• TASK BRIEF: The output should match, line for line, the records from the line containing "He Or She? Wall" through the line containing "Hericium abietis", with every picture left out.

• EXERCISE MATERIAL:
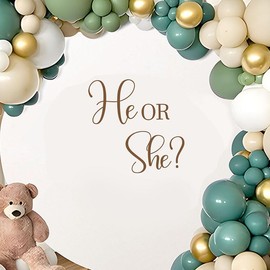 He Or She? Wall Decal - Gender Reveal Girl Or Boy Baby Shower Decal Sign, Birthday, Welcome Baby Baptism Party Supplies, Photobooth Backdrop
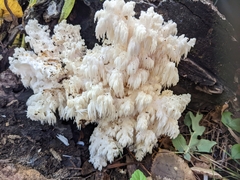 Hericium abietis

...

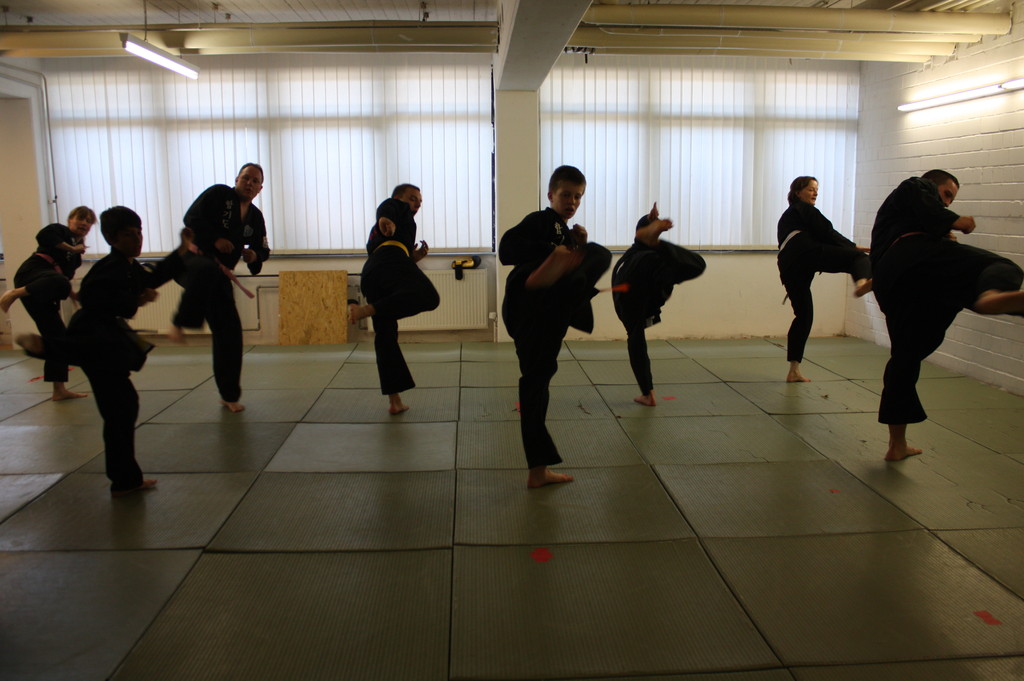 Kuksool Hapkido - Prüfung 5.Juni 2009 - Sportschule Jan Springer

• SOLVED PROBLEM:
 He Or She? Wall Decal - Gender Reveal Girl Or Boy Baby Shower Decal Sign, Birthday, Welcome Baby Baptism Party Supplies, Photobooth Backdrop
 Hericium abietis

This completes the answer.